* TO DO *
Could you repeat the whole listing below exactly, omitting any picture it holds?

* DATASET RECORDS *
+++

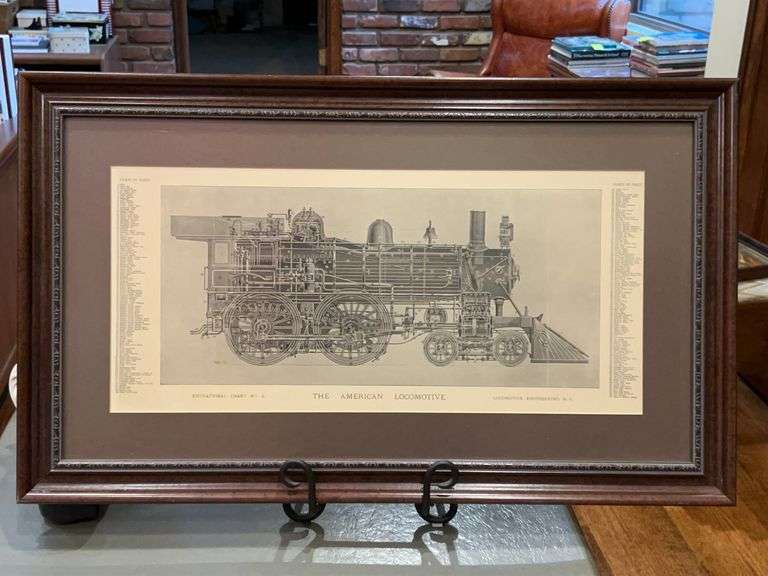 Framed vintage print titled "The American Locomotive," which is an educational chart detailing the internal components of a steam engine…..Educational Chart No. 2…..32-1/4 x 19-1/4 image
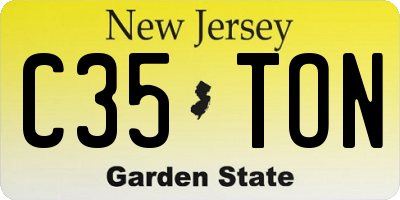 NJ license plate C35TON
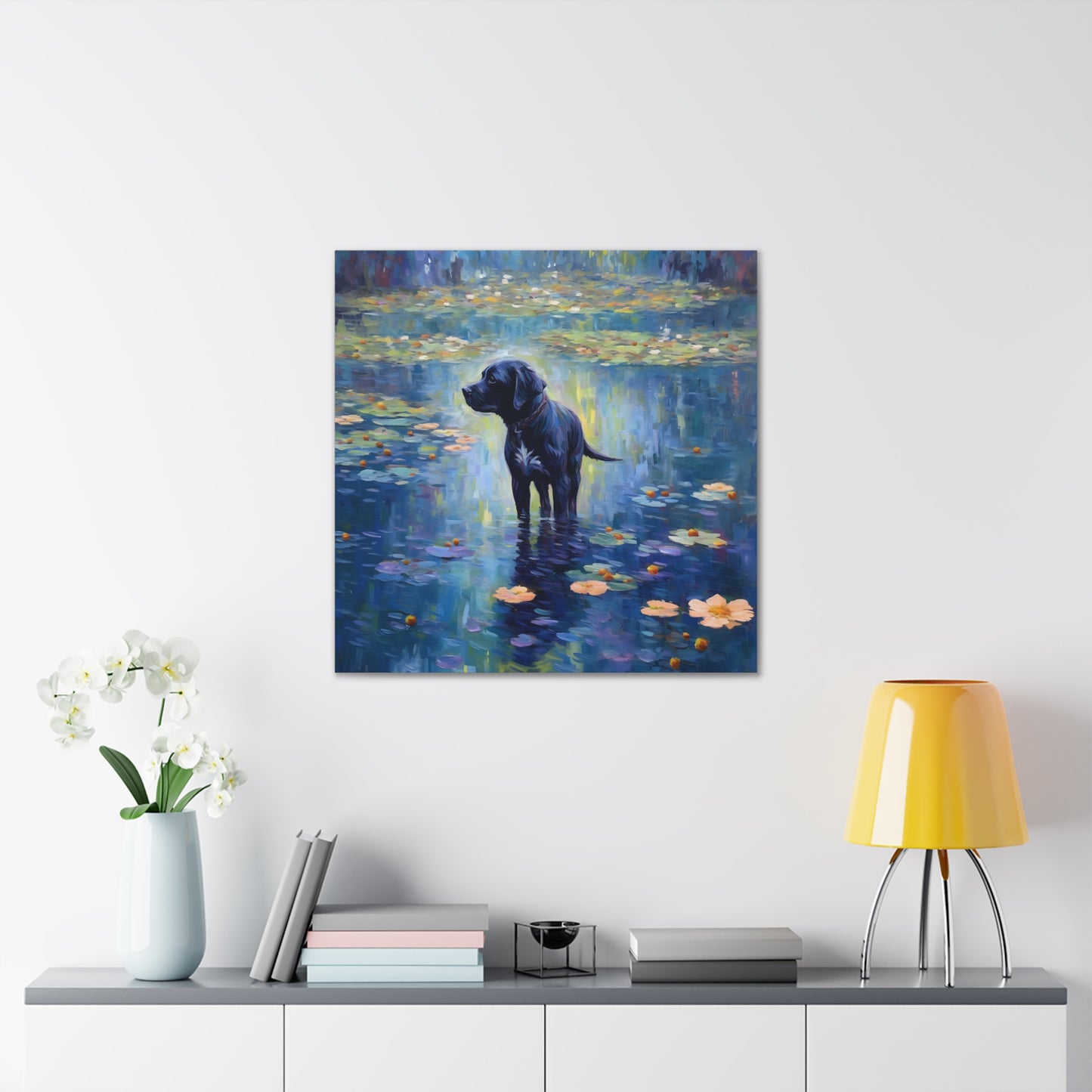 Black Lab Monet Canvas Print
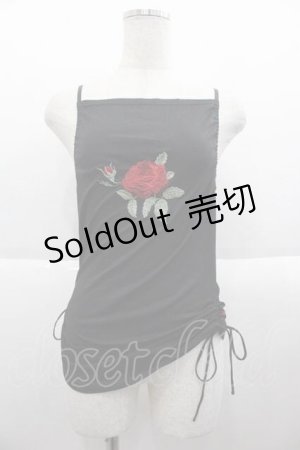 画像: Ozz On / /薔薇刺繍キャミソール  黒Ｘ赤Ｘ緑 I-25-09-18-063-OO-TO-HD-ZI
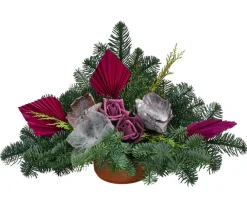 Dehner Grabschmuck & Grabgestaltung - Grabgesteck in Tonschale, , ca. B55/H42/T25 cm Rot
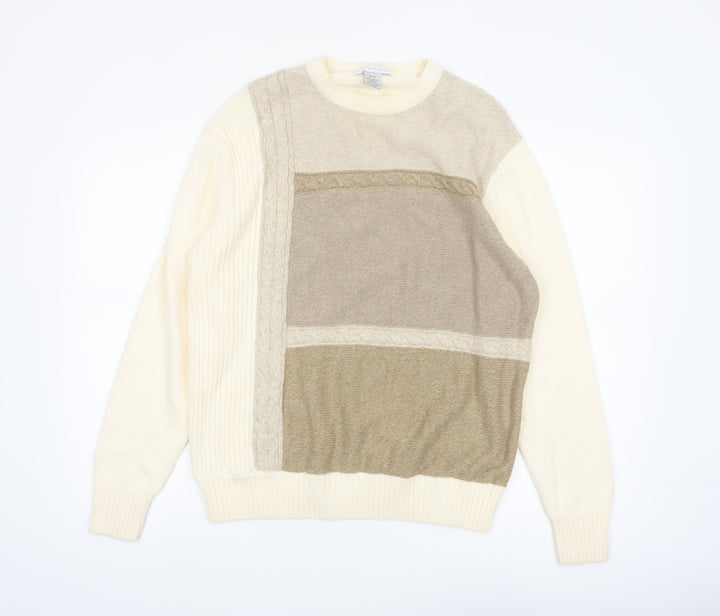 Geoffrey Beene Men's Beige Cotton Cable-Knit Pullover Jumper M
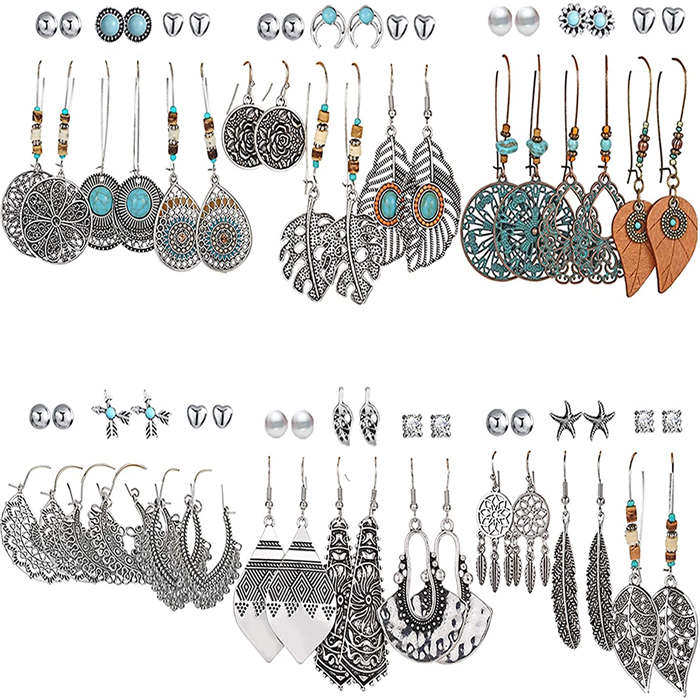 Beakey 36 Pairs Fashion Hollow Drop Dangle Earrings Set Bohemian National Style Eardrop With Bronze-Silver Series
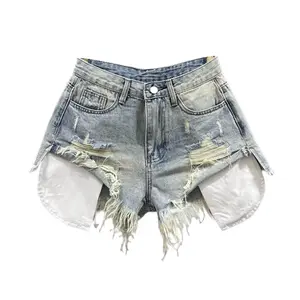 NewKorean Vintage Blue Sexy Ripped Jeans for Women Patchwork A-line High-waisted Denim Ultra Shorts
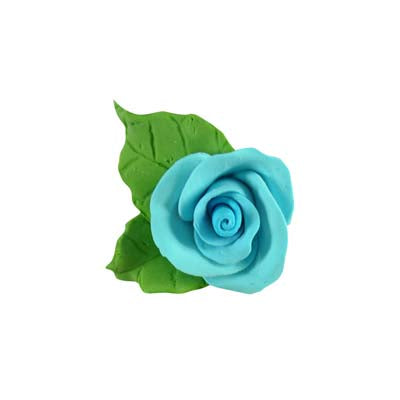 Add a cool, calming touch to your cupcakes and cakes with our Tea Rose Blue with Leaves, crafted from sugar paste. This petite decoration features a single blue tea rose paired with two green leaves, offering a unique and elegant finish.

+++

* REPLY TO THE TASK *
 Framed vintage print titled "The American Locomotive," which is an educational chart detailing the internal components of a steam engine…..Educational Chart No. 2…..32-1/4 x 19-1/4 image
 NJ license plate C35TON
 Black Lab Monet Canvas Print
 画像: Ozz On / /薔薇刺繍キャミソール  黒Ｘ赤Ｘ緑 I-25-09-18-063-OO-TO-HD-ZI
 Dehner Grabschmuck & Grabgestaltung - Grabgesteck in Tonschale, , ca. B55/H42/T25 cm Rot
 Geoffrey Beene Men's Beige Cotton Cable-Knit Pullover Jumper M
 Beakey 36 Pairs Fashion Hollow Drop Dangle Earrings Set Bohemian National Style Eardrop With Bronze-Silver Series
 NewKorean Vintage Blue Sexy Ripped Jeans for Women Patchwork A-line High-waisted Denim Ultra Shorts
 Add a cool, calming touch to your cupcakes and cakes with our Tea Rose Blue with Leaves, crafted from sugar paste. This petite decoration features a single blue tea rose paired with two green leaves, offering a unique and elegant finish.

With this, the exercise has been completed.